PROBLEM DESCRIPTION: Please give the listing again in full, leaving out its images.

DATA EXTRACT:
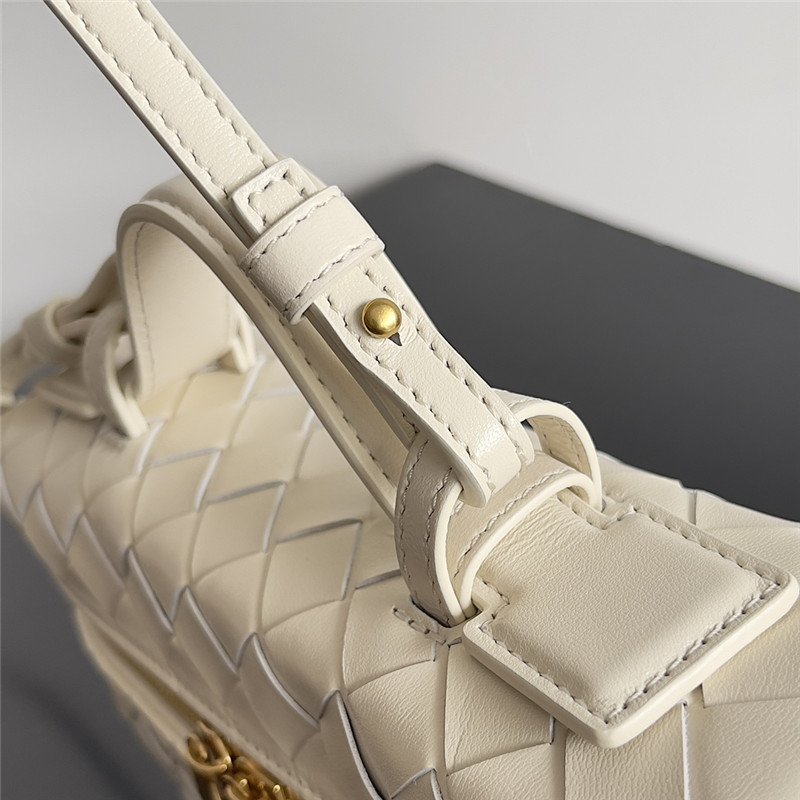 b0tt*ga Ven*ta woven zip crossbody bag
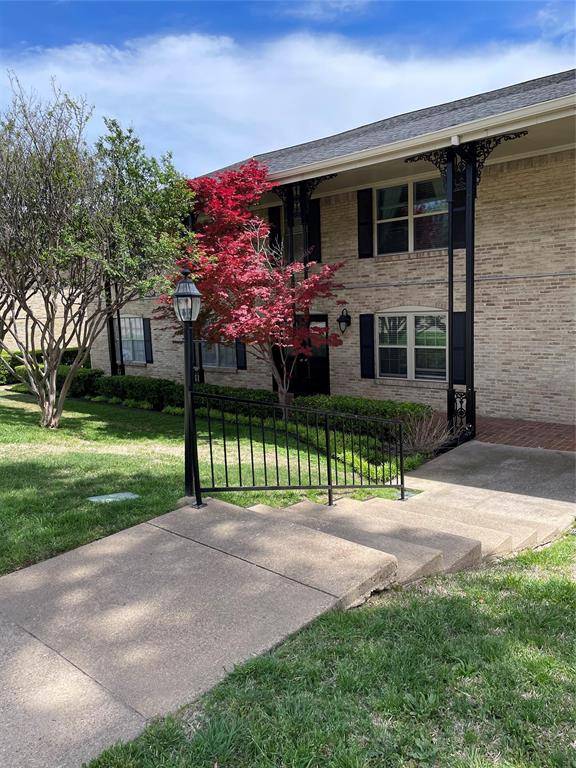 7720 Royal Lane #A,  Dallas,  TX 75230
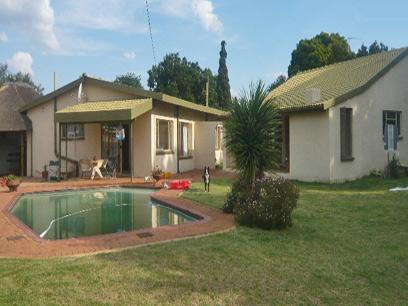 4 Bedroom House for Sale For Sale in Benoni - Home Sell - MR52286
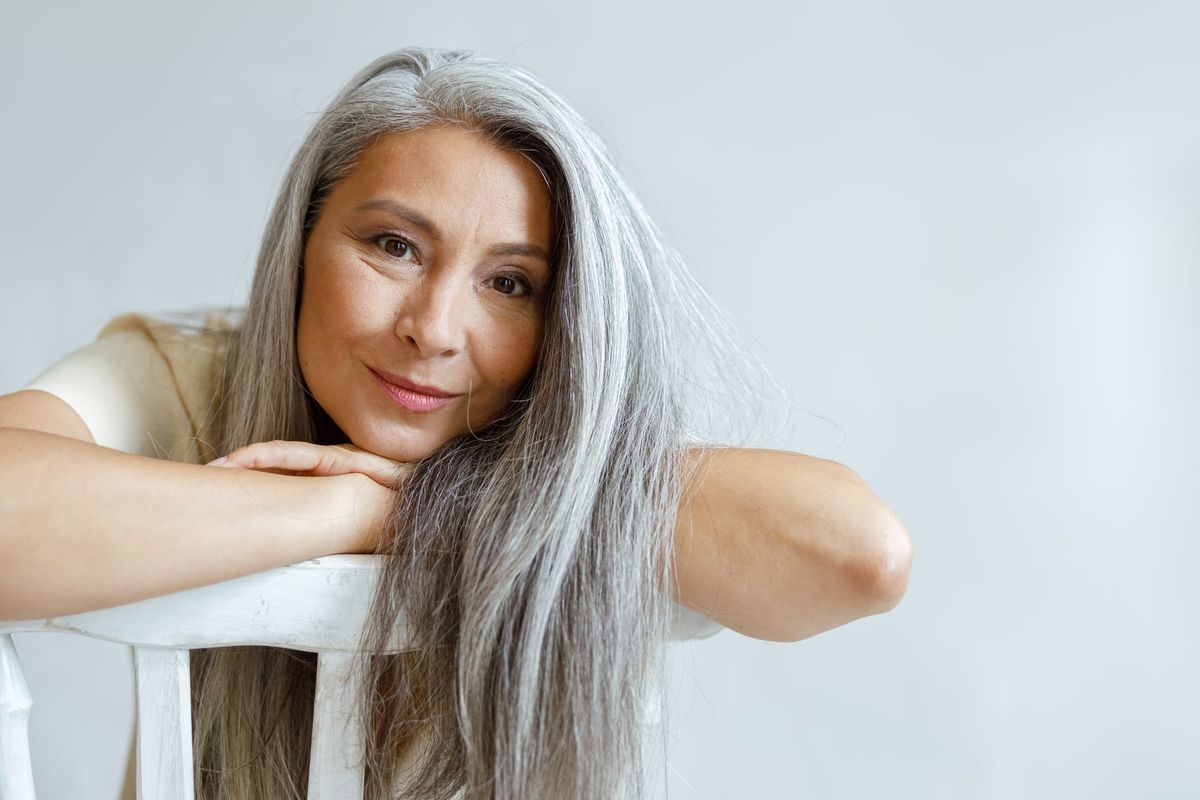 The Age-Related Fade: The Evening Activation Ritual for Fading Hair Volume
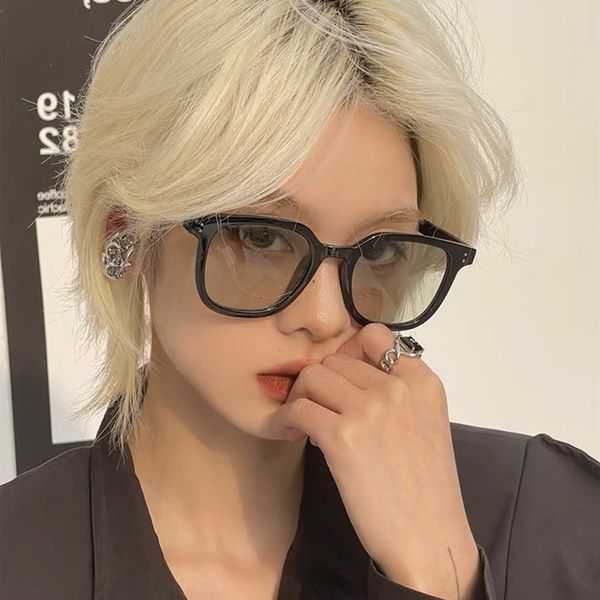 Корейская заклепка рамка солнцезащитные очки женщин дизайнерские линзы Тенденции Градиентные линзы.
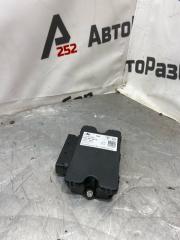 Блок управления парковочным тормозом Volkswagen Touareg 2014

RESPONSE TO THIS TASK:
 b0tt*ga Ven*ta woven zip crossbody bag
 7720 Royal Lane #A,  Dallas,  TX 75230
 4 Bedroom House for Sale For Sale in Benoni - Home Sell - MR52286
 The Age-Related Fade: The Evening Activation Ritual for Fading Hair Volume
 Корейская заклепка рамка солнцезащитные очки женщин дизайнерские линзы Тенденции Градиентные линзы.
 Блок управления парковочным тормозом Volkswagen Touareg 2014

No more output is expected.